**Source material**
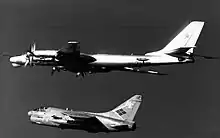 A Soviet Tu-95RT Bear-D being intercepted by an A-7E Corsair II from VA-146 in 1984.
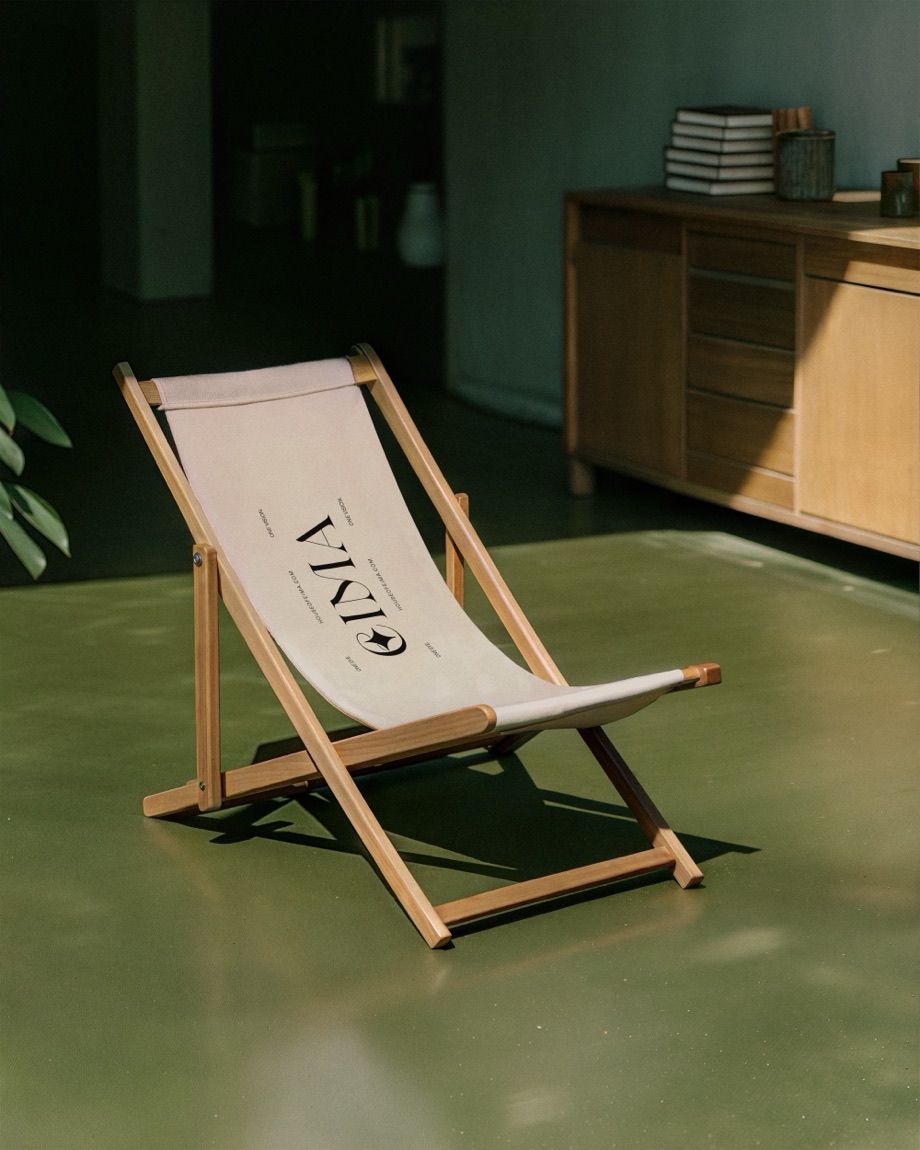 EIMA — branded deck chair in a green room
==
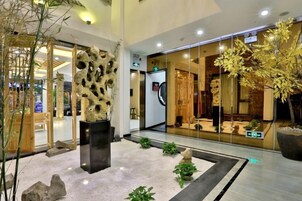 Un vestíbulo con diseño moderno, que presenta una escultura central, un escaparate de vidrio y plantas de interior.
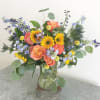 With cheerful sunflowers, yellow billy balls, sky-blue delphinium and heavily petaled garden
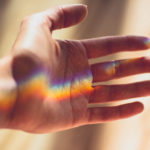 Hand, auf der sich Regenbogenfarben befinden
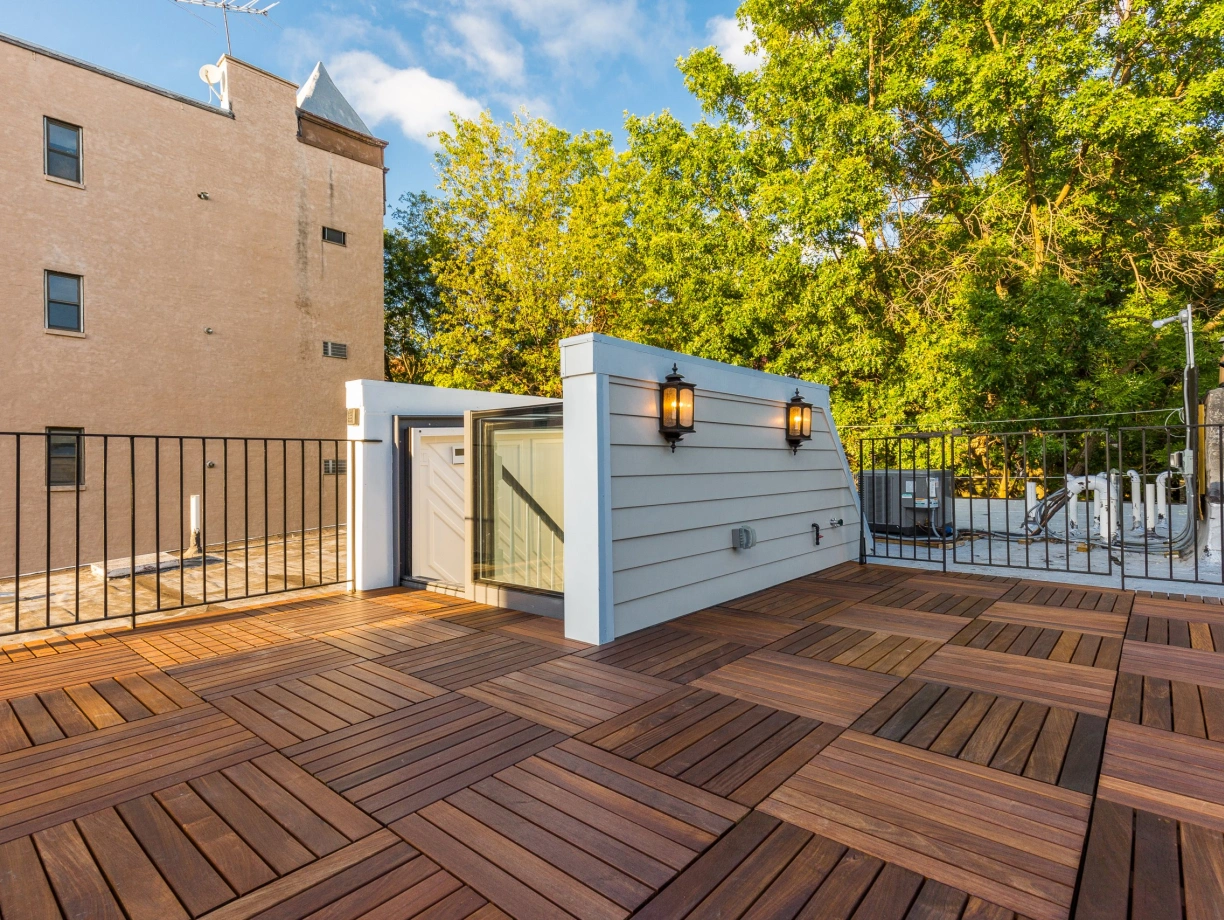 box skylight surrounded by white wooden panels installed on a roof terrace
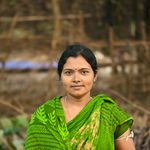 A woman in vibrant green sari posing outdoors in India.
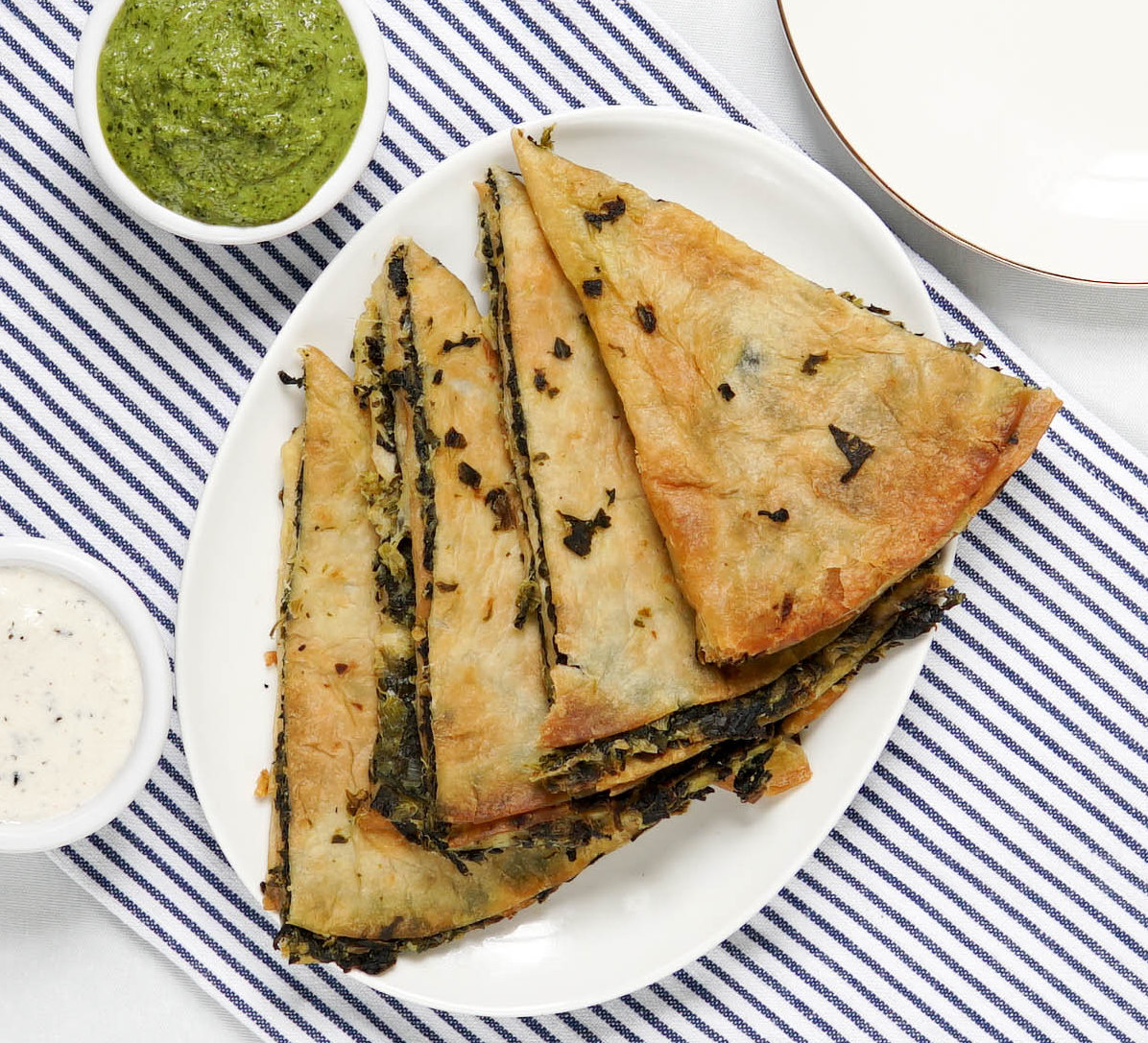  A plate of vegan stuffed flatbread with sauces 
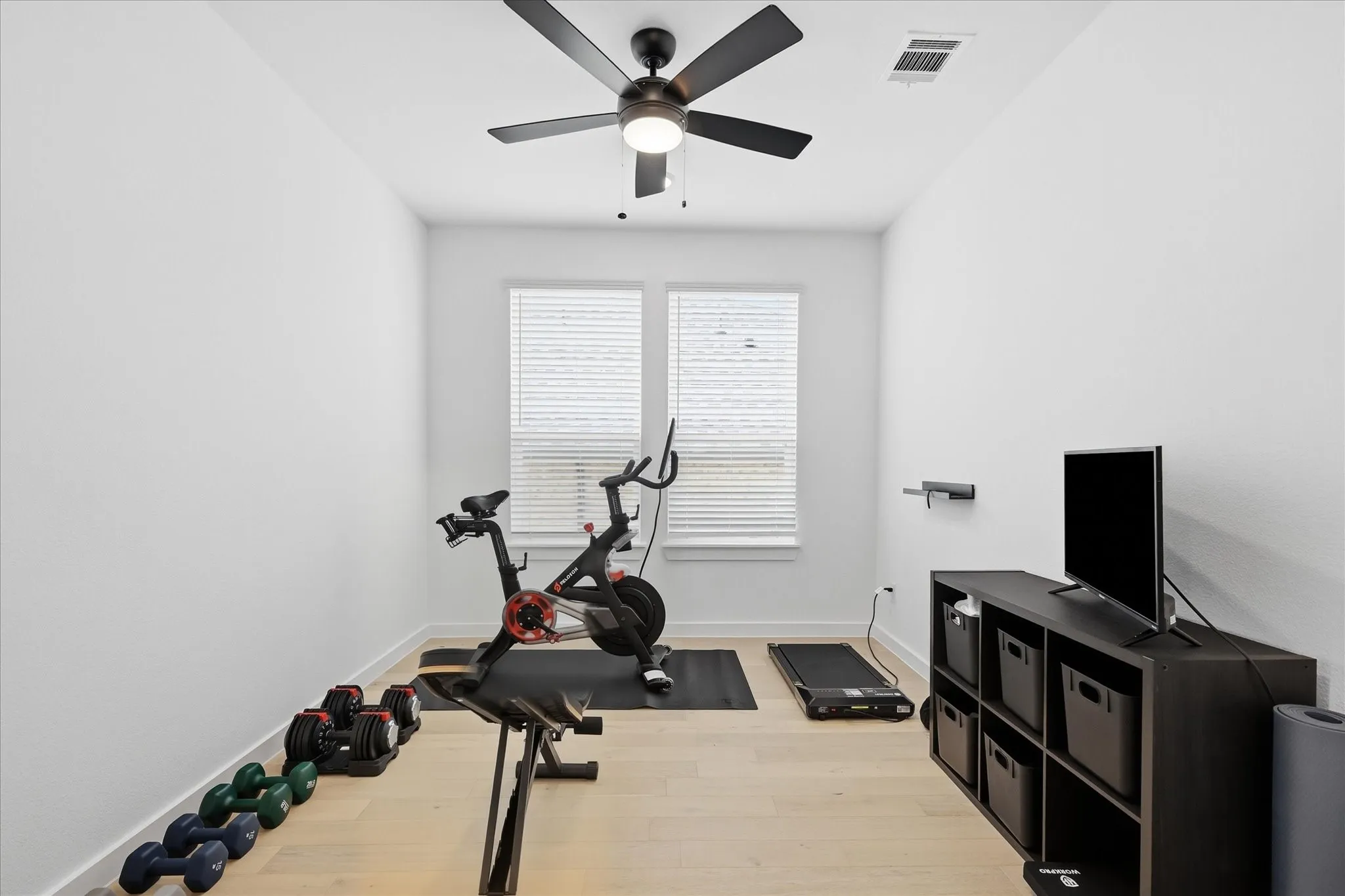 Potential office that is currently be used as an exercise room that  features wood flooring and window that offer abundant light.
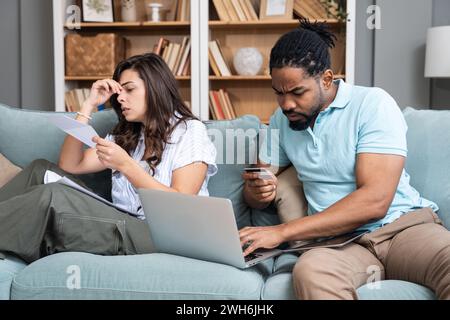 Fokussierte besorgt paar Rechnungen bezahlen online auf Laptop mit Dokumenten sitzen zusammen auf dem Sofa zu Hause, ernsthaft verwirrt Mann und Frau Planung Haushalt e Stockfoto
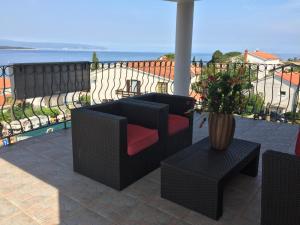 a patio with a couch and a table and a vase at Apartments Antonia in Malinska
==
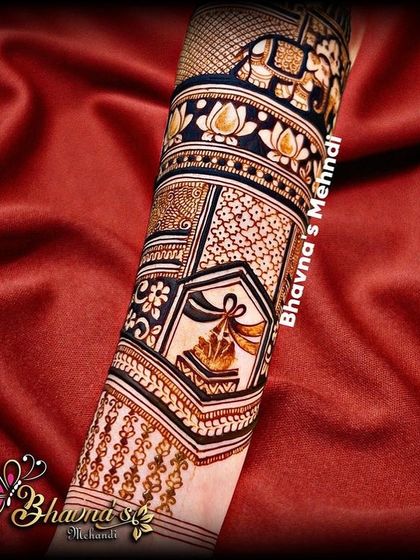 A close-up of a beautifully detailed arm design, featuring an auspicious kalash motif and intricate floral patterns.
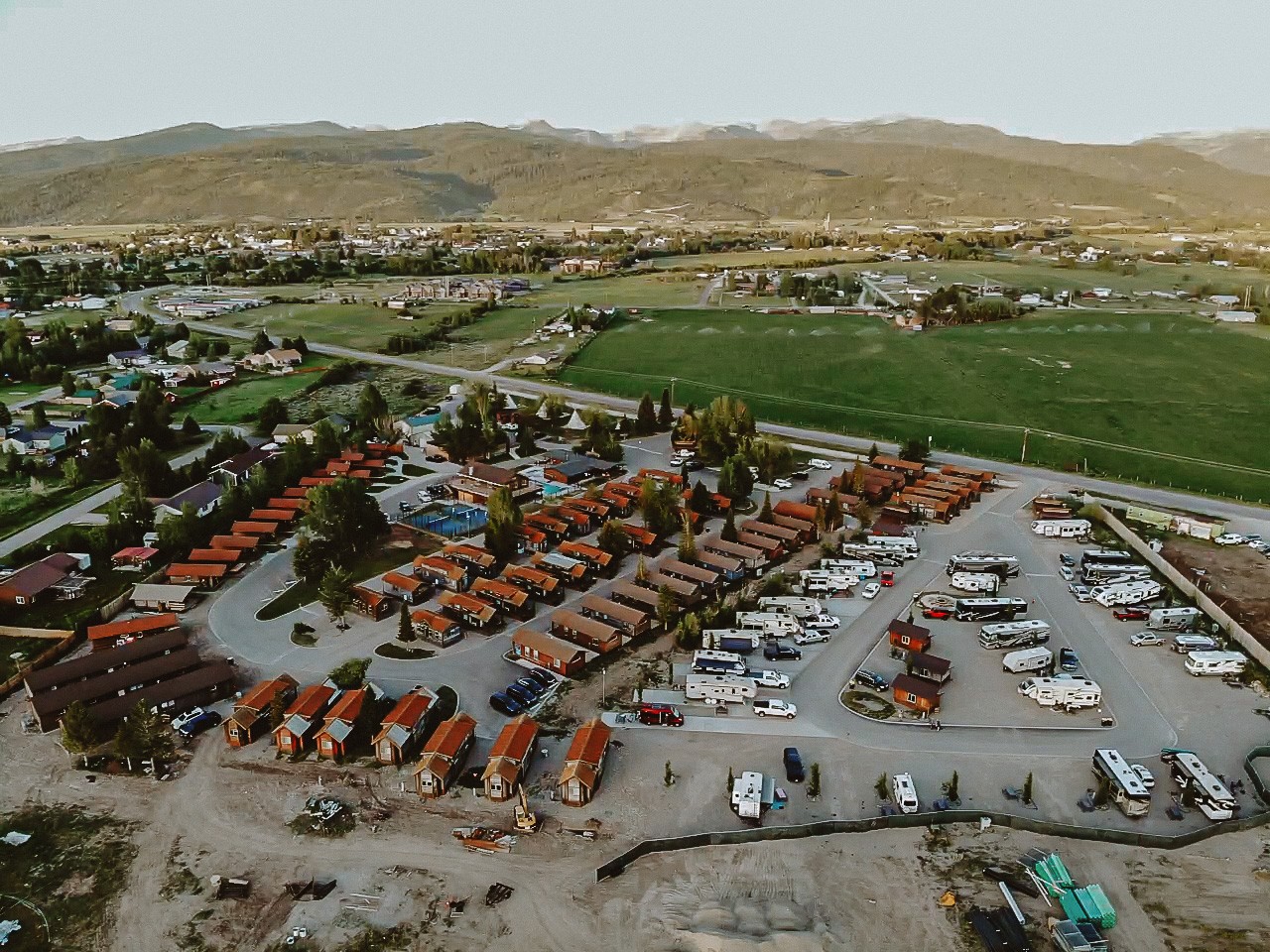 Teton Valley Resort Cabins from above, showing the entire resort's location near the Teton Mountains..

**Exercise details**
Would you give again, exactly, the lines in the data above that run from the line containing "Hand, auf der sich Regenbogenfarben befinden" to the line containing "a patio with"? Include both ends and no pictures.

**Task answer**
 Hand, auf der sich Regenbogenfarben befinden
 box skylight surrounded by white wooden panels installed on a roof terrace
 A woman in vibrant green sari posing outdoors in India.
  A plate of vegan stuffed flatbread with sauces 
 Potential office that is currently be used as an exercise room that  features wood flooring and window that offer abundant light.
 Fokussierte besorgt paar Rechnungen bezahlen online auf Laptop mit Dokumenten sitzen zusammen auf dem Sofa zu Hause, ernsthaft verwirrt Mann und Frau Planung Haushalt e Stockfoto
 a patio with a couch and a table and a vase at Apartments Antonia in Malinska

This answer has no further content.